▶ Supplied information

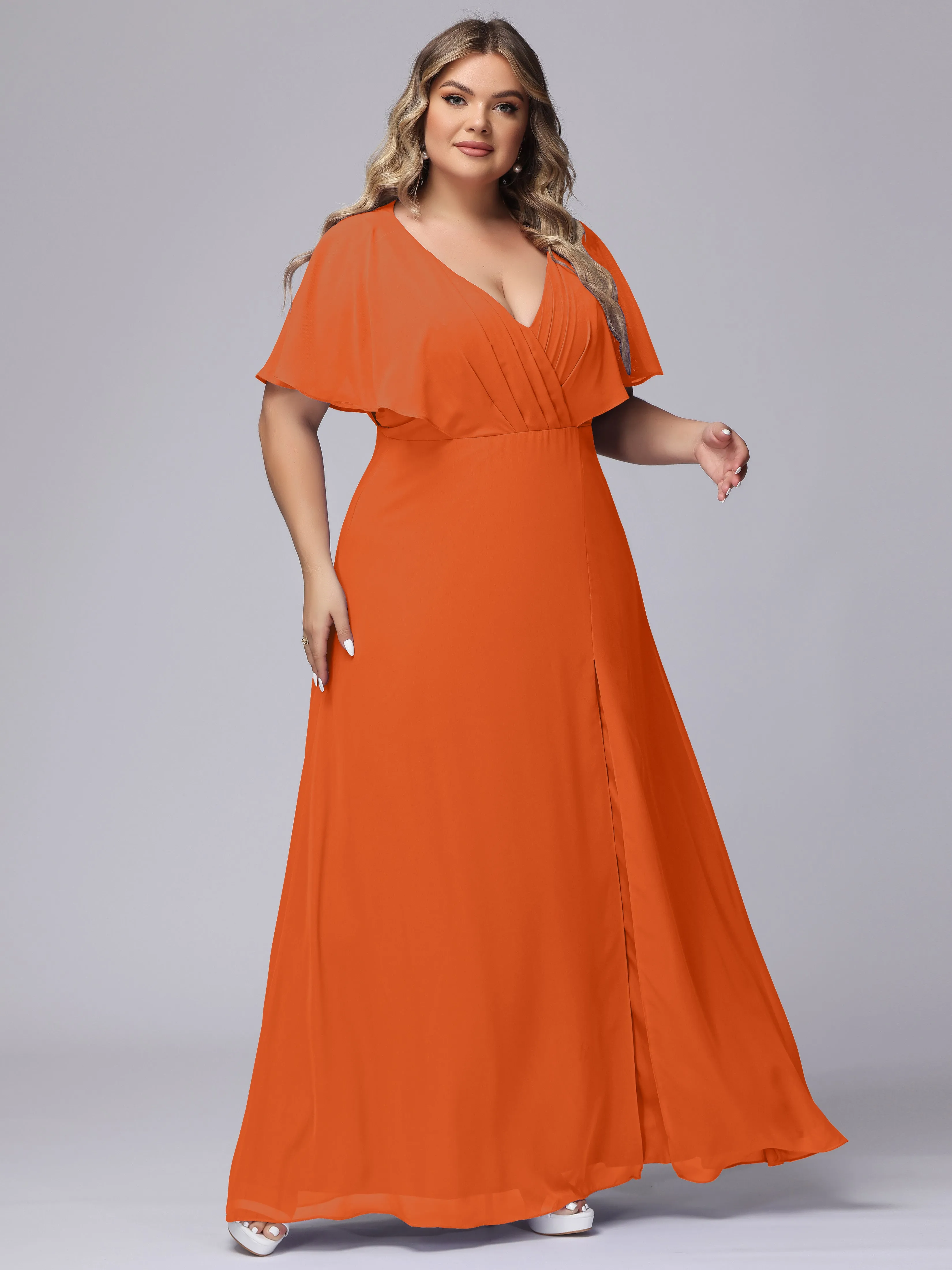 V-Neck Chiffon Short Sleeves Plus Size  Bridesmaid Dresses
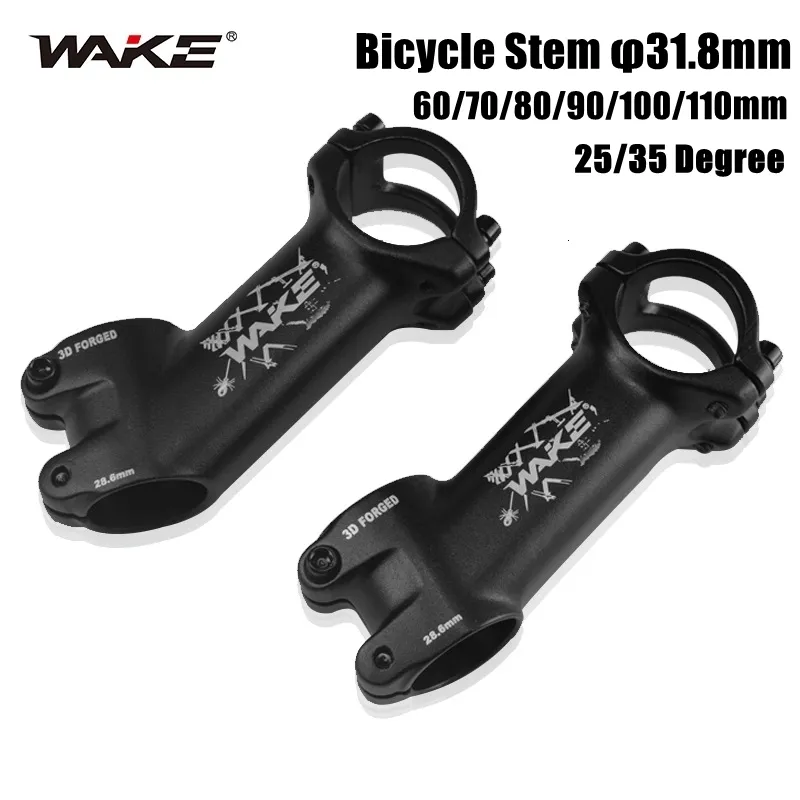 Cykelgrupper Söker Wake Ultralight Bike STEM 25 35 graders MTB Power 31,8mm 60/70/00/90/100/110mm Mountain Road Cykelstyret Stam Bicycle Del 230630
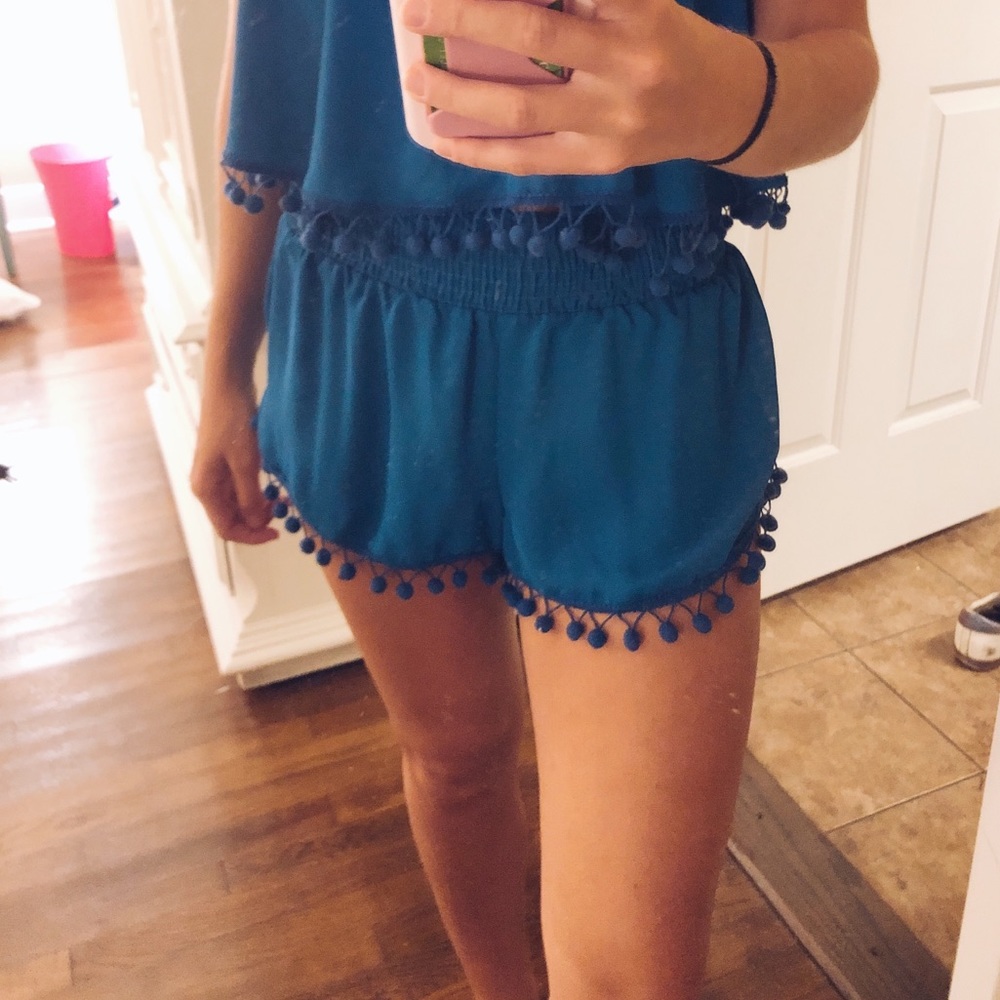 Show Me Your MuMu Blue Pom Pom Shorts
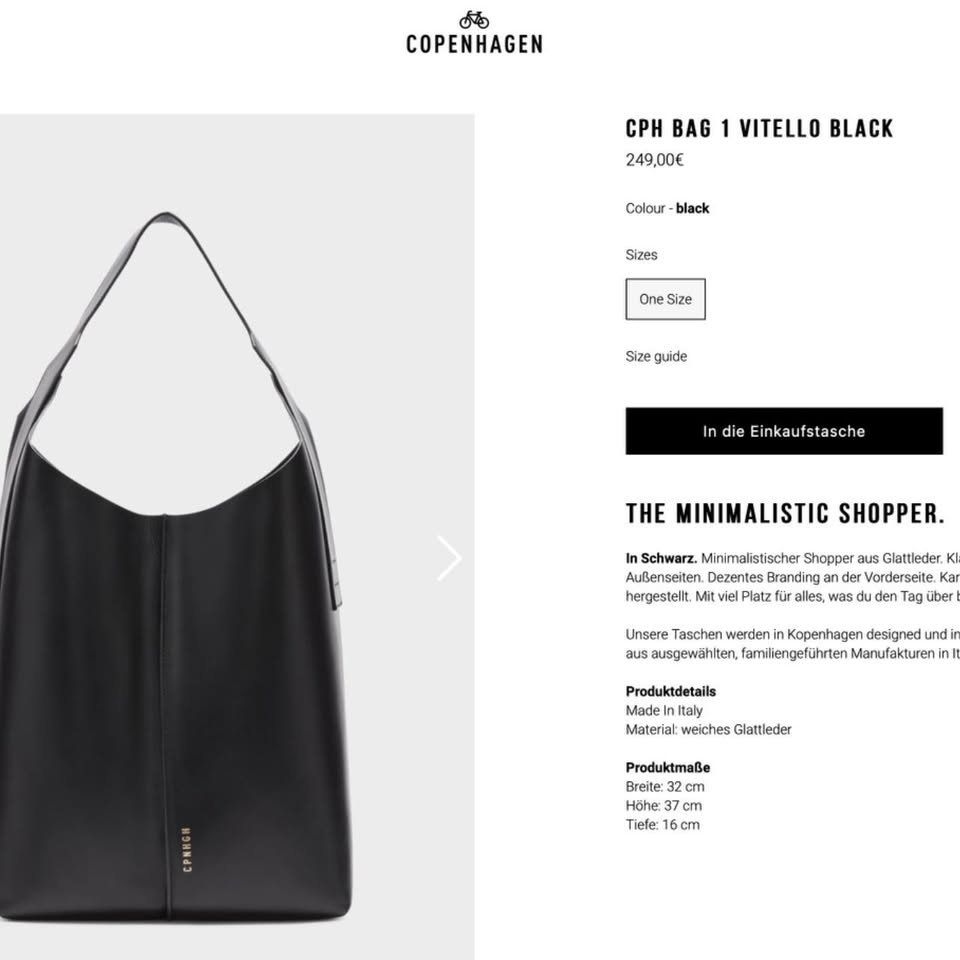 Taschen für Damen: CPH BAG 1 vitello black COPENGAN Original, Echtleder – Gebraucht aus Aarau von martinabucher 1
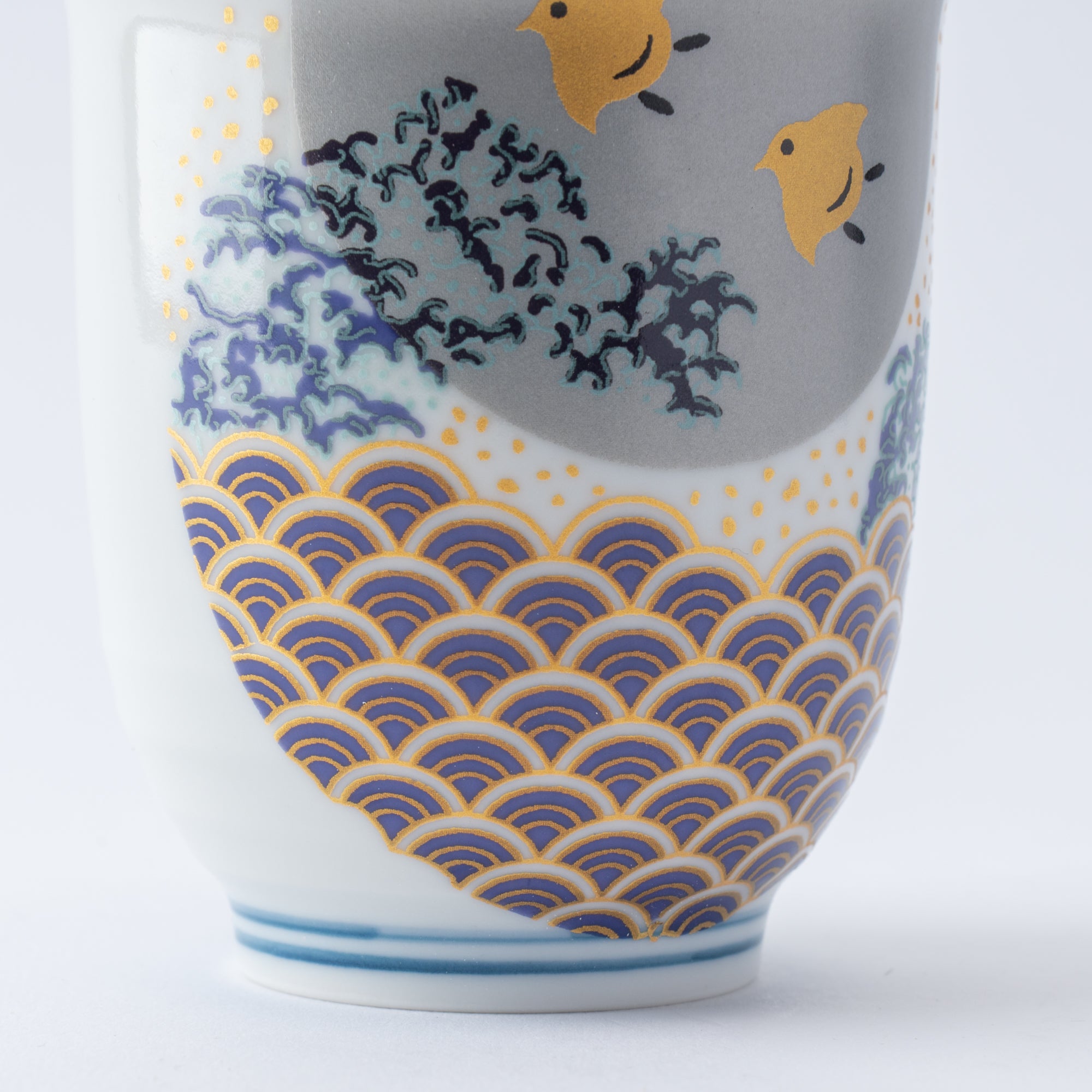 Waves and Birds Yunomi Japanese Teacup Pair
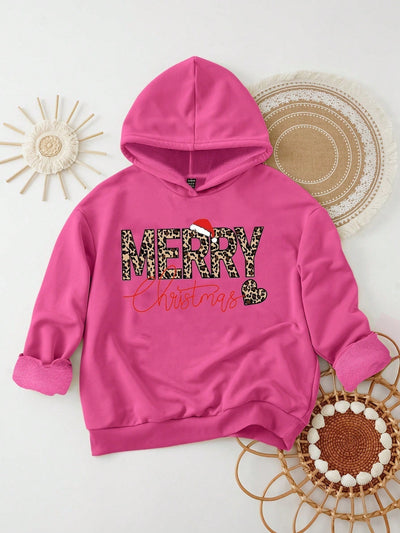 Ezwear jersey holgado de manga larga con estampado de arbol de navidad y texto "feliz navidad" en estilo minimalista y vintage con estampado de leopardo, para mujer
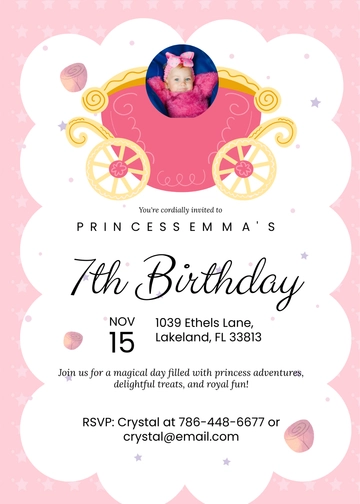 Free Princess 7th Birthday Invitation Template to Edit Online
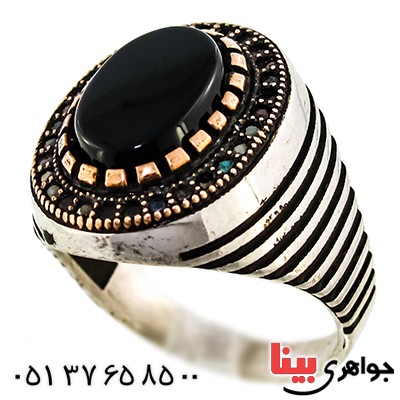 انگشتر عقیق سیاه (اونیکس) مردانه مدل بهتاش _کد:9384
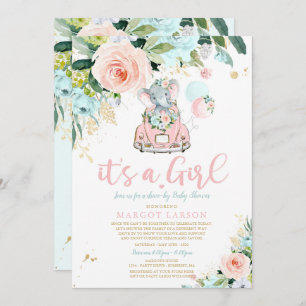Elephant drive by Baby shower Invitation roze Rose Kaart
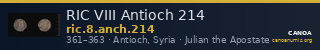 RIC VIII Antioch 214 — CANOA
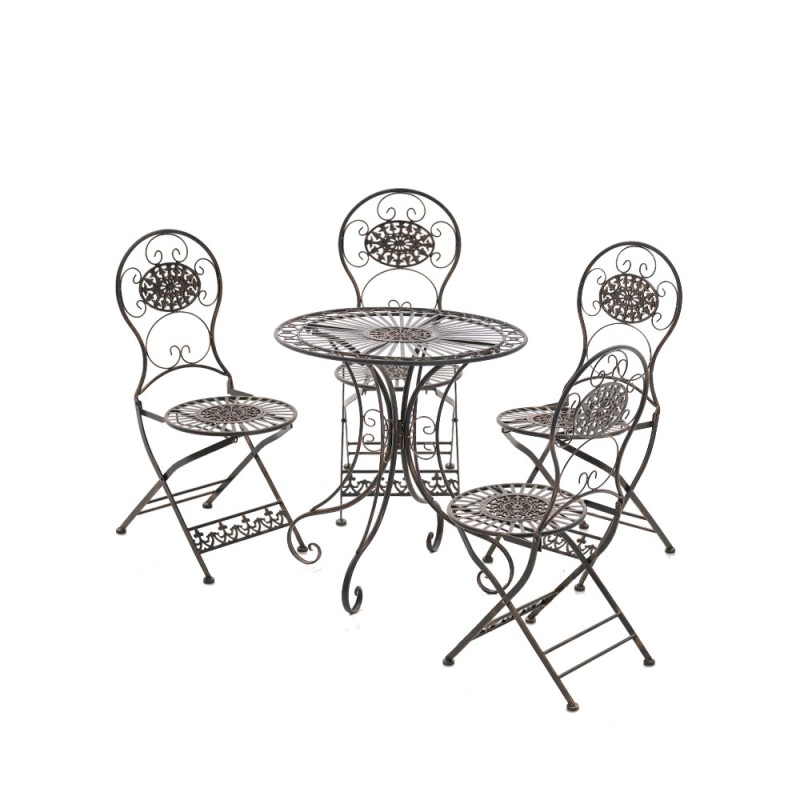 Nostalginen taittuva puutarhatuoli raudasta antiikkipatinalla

▶ Task prompt
Please retype every record shown above, exactly as written, but without pictures.

▶ Reply
 V-Neck Chiffon Short Sleeves Plus Size  Bridesmaid Dresses
 Cykelgrupper Söker Wake Ultralight Bike STEM 25 35 graders MTB Power 31,8mm 60/70/00/90/100/110mm Mountain Road Cykelstyret Stam Bicycle Del 230630
 Show Me Your MuMu Blue Pom Pom Shorts
 Taschen für Damen: CPH BAG 1 vitello black COPENGAN Original, Echtleder – Gebraucht aus Aarau von martinabucher 1
 Waves and Birds Yunomi Japanese Teacup Pair
 Ezwear jersey holgado de manga larga con estampado de arbol de navidad y texto "feliz navidad" en estilo minimalista y vintage con estampado de leopardo, para mujer
 Free Princess 7th Birthday Invitation Template to Edit Online
 انگشتر عقیق سیاه (اونیکس) مردانه مدل بهتاش _کد:9384
Elephant drive by Baby shower Invitation roze Rose Kaart
 RIC VIII Antioch 214 — CANOA
 Nostalginen taittuva puutarhatuoli raudasta antiikkipatinalla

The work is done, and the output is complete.